ACTION ITEM
Exactly as given, restate each record that follows.

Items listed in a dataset
******************************

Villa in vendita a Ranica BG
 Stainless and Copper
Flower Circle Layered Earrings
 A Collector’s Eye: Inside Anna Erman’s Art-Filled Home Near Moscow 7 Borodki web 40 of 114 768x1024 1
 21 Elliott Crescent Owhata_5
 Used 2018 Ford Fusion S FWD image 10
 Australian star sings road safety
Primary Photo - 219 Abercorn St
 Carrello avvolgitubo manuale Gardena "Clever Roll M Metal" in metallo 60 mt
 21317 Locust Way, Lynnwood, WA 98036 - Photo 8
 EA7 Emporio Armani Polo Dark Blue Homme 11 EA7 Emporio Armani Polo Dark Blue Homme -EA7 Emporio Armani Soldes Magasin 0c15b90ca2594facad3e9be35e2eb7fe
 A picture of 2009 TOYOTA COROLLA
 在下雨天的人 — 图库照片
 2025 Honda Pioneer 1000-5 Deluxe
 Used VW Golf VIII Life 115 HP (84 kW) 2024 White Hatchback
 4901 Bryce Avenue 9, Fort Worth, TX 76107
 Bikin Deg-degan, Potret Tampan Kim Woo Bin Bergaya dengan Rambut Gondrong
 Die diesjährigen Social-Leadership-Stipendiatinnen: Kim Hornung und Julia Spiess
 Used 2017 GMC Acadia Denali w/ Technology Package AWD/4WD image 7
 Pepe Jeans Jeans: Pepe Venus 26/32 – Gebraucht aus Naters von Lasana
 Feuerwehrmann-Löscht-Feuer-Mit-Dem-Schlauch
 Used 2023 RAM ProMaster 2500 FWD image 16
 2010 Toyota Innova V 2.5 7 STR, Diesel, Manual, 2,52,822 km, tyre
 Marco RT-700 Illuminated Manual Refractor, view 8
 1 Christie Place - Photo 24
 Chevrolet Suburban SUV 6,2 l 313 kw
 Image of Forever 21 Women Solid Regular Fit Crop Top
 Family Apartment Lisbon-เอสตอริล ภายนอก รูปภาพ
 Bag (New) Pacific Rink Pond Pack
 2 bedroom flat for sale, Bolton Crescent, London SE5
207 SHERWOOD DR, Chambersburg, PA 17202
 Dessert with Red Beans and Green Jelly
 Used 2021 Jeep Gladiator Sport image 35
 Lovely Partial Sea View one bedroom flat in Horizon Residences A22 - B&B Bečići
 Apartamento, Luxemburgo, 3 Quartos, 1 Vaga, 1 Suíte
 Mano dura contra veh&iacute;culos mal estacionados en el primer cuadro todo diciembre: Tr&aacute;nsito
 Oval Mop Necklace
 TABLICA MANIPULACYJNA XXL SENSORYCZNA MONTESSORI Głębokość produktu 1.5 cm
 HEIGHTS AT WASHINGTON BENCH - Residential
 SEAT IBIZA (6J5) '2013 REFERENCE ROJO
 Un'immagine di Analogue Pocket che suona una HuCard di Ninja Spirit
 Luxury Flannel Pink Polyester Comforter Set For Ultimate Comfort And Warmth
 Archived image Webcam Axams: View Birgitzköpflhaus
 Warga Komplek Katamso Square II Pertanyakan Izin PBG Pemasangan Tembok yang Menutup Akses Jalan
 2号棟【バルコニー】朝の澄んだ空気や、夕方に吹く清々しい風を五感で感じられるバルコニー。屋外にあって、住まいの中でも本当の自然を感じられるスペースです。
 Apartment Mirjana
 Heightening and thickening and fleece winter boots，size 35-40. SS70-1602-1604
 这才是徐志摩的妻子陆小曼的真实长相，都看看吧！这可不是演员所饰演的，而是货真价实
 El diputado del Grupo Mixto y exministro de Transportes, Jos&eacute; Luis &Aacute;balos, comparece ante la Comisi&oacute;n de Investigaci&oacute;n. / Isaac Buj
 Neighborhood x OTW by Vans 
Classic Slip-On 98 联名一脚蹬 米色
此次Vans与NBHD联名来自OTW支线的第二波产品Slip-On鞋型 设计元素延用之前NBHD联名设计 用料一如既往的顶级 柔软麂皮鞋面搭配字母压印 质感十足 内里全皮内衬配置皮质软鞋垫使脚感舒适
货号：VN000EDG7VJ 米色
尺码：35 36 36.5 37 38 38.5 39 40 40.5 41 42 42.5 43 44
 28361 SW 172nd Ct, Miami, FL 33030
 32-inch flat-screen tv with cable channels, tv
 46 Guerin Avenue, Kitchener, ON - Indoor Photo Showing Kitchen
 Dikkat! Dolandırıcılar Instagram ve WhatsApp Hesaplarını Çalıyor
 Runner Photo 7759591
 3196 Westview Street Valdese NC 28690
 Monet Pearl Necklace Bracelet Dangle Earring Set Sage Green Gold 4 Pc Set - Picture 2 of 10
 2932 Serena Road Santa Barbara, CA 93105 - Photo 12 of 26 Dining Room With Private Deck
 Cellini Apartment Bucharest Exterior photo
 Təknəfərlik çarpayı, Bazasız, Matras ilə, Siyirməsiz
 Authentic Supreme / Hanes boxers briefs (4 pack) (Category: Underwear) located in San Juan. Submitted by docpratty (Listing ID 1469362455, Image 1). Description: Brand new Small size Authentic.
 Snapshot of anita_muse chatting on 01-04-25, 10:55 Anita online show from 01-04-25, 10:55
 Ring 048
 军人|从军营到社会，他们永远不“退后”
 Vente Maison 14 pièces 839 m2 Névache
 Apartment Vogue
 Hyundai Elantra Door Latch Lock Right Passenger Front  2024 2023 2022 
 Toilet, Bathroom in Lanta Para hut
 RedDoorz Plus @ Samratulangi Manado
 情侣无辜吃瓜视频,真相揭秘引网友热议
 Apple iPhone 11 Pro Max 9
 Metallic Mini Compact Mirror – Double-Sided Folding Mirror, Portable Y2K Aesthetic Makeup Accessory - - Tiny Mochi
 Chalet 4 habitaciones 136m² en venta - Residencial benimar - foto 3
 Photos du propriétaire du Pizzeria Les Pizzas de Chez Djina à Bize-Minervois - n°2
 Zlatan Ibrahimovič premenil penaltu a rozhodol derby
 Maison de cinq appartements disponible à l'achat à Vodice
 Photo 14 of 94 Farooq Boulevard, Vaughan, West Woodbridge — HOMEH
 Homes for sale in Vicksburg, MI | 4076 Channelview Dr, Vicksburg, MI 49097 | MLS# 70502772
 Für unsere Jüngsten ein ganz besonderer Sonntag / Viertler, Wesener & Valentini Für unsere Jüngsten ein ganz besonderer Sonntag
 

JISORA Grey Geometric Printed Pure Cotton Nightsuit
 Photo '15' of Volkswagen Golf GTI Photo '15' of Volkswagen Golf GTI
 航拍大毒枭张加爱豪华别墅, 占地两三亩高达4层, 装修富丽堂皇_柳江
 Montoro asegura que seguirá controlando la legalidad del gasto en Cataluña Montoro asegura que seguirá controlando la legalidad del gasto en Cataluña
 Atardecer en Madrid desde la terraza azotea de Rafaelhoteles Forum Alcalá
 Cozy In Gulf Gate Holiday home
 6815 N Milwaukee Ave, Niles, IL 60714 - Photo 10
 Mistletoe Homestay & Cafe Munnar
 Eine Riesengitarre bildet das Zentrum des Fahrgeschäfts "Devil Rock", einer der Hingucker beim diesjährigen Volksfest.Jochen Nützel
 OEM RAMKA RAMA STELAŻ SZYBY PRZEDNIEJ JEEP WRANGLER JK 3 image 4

******************************

RESULT OF THIS EXERCISE
Villa in vendita a Ranica BG
 Stainless and Copper
Flower Circle Layered Earrings
 A Collector’s Eye: Inside Anna Erman’s Art-Filled Home Near Moscow 7 Borodki web 40 of 114 768x1024 1
 21 Elliott Crescent Owhata_5
 Used 2018 Ford Fusion S FWD image 10
 Australian star sings road safety
Primary Photo - 219 Abercorn St
 Carrello avvolgitubo manuale Gardena "Clever Roll M Metal" in metallo 60 mt
 21317 Locust Way, Lynnwood, WA 98036 - Photo 8
 EA7 Emporio Armani Polo Dark Blue Homme 11 EA7 Emporio Armani Polo Dark Blue Homme -EA7 Emporio Armani Soldes Magasin 0c15b90ca2594facad3e9be35e2eb7fe
 A picture of 2009 TOYOTA COROLLA
 在下雨天的人 — 图库照片
 2025 Honda Pioneer 1000-5 Deluxe
 Used VW Golf VIII Life 115 HP (84 kW) 2024 White Hatchback
 4901 Bryce Avenue 9, Fort Worth, TX 76107
 Bikin Deg-degan, Potret Tampan Kim Woo Bin Bergaya dengan Rambut Gondrong
 Die diesjährigen Social-Leadership-Stipendiatinnen: Kim Hornung und Julia Spiess
 Used 2017 GMC Acadia Denali w/ Technology Package AWD/4WD image 7
 Pepe Jeans Jeans: Pepe Venus 26/32 – Gebraucht aus Naters von Lasana
 Feuerwehrmann-Löscht-Feuer-Mit-Dem-Schlauch
 Used 2023 RAM ProMaster 2500 FWD image 16
 2010 Toyota Innova V 2.5 7 STR, Diesel, Manual, 2,52,822 km, tyre
 Marco RT-700 Illuminated Manual Refractor, view 8
 1 Christie Place - Photo 24
 Chevrolet Suburban SUV 6,2 l 313 kw
 Image of Forever 21 Women Solid Regular Fit Crop Top
 Family Apartment Lisbon-เอสตอริล ภายนอก รูปภาพ
 Bag (New) Pacific Rink Pond Pack
 2 bedroom flat for sale, Bolton Crescent, London SE5
207 SHERWOOD DR, Chambersburg, PA 17202
 Dessert with Red Beans and Green Jelly
 Used 2021 Jeep Gladiator Sport image 35
 Lovely Partial Sea View one bedroom flat in Horizon Residences A22 - B&B Bečići
 Apartamento, Luxemburgo, 3 Quartos, 1 Vaga, 1 Suíte
 Mano dura contra veh&iacute;culos mal estacionados en el primer cuadro todo diciembre: Tr&aacute;nsito
 Oval Mop Necklace
 TABLICA MANIPULACYJNA XXL SENSORYCZNA MONTESSORI Głębokość produktu 1.5 cm
 HEIGHTS AT WASHINGTON BENCH - Residential
 SEAT IBIZA (6J5) '2013 REFERENCE ROJO
 Un'immagine di Analogue Pocket che suona una HuCard di Ninja Spirit
 Luxury Flannel Pink Polyester Comforter Set For Ultimate Comfort And Warmth
 Archived image Webcam Axams: View Birgitzköpflhaus
 Warga Komplek Katamso Square II Pertanyakan Izin PBG Pemasangan Tembok yang Menutup Akses Jalan
 2号棟【バルコニー】朝の澄んだ空気や、夕方に吹く清々しい風を五感で感じられるバルコニー。屋外にあって、住まいの中でも本当の自然を感じられるスペースです。
 Apartment Mirjana
 Heightening and thickening and fleece winter boots，size 35-40. SS70-1602-1604
 这才是徐志摩的妻子陆小曼的真实长相，都看看吧！这可不是演员所饰演的，而是货真价实
 El diputado del Grupo Mixto y exministro de Transportes, Jos&eacute; Luis &Aacute;balos, comparece ante la Comisi&oacute;n de Investigaci&oacute;n. / Isaac Buj
 Neighborhood x OTW by Vans 
Classic Slip-On 98 联名一脚蹬 米色
此次Vans与NBHD联名来自OTW支线的第二波产品Slip-On鞋型 设计元素延用之前NBHD联名设计 用料一如既往的顶级 柔软麂皮鞋面搭配字母压印 质感十足 内里全皮内衬配置皮质软鞋垫使脚感舒适
货号：VN000EDG7VJ 米色
尺码：35 36 36.5 37 38 38.5 39 40 40.5 41 42 42.5 43 44
 28361 SW 172nd Ct, Miami, FL 33030
 32-inch flat-screen tv with cable channels, tv
 46 Guerin Avenue, Kitchener, ON - Indoor Photo Showing Kitchen
 Dikkat! Dolandırıcılar Instagram ve WhatsApp Hesaplarını Çalıyor
 Runner Photo 7759591
 3196 Westview Street Valdese NC 28690
 Monet Pearl Necklace Bracelet Dangle Earring Set Sage Green Gold 4 Pc Set - Picture 2 of 10
 2932 Serena Road Santa Barbara, CA 93105 - Photo 12 of 26 Dining Room With Private Deck
 Cellini Apartment Bucharest Exterior photo
 Təknəfərlik çarpayı, Bazasız, Matras ilə, Siyirməsiz
 Authentic Supreme / Hanes boxers briefs (4 pack) (Category: Underwear) located in San Juan. Submitted by docpratty (Listing ID 1469362455, Image 1). Description: Brand new Small size Authentic.
 Snapshot of anita_muse chatting on 01-04-25, 10:55 Anita online show from 01-04-25, 10:55
 Ring 048
 军人|从军营到社会，他们永远不“退后”
 Vente Maison 14 pièces 839 m2 Névache
 Apartment Vogue
 Hyundai Elantra Door Latch Lock Right Passenger Front  2024 2023 2022 
 Toilet, Bathroom in Lanta Para hut
 RedDoorz Plus @ Samratulangi Manado
 情侣无辜吃瓜视频,真相揭秘引网友热议
 Apple iPhone 11 Pro Max 9
 Metallic Mini Compact Mirror – Double-Sided Folding Mirror, Portable Y2K Aesthetic Makeup Accessory - - Tiny Mochi
 Chalet 4 habitaciones 136m² en venta - Residencial benimar - foto 3
 Photos du propriétaire du Pizzeria Les Pizzas de Chez Djina à Bize-Minervois - n°2
 Zlatan Ibrahimovič premenil penaltu a rozhodol derby
 Maison de cinq appartements disponible à l'achat à Vodice
 Photo 14 of 94 Farooq Boulevard, Vaughan, West Woodbridge — HOMEH
 Homes for sale in Vicksburg, MI | 4076 Channelview Dr, Vicksburg, MI 49097 | MLS# 70502772
 Für unsere Jüngsten ein ganz besonderer Sonntag / Viertler, Wesener & Valentini Für unsere Jüngsten ein ganz besonderer Sonntag
 

JISORA Grey Geometric Printed Pure Cotton Nightsuit
 Photo '15' of Volkswagen Golf GTI Photo '15' of Volkswagen Golf GTI
 航拍大毒枭张加爱豪华别墅, 占地两三亩高达4层, 装修富丽堂皇_柳江
 Montoro asegura que seguirá controlando la legalidad del gasto en Cataluña Montoro asegura que seguirá controlando la legalidad del gasto en Cataluña
 Atardecer en Madrid desde la terraza azotea de Rafaelhoteles Forum Alcalá
 Cozy In Gulf Gate Holiday home
 6815 N Milwaukee Ave, Niles, IL 60714 - Photo 10
 Mistletoe Homestay & Cafe Munnar
 Eine Riesengitarre bildet das Zentrum des Fahrgeschäfts "Devil Rock", einer der Hingucker beim diesjährigen Volksfest.Jochen Nützel
 OEM RAMKA RAMA STELAŻ SZYBY PRZEDNIEJ JEEP WRANGLER JK 3 image 4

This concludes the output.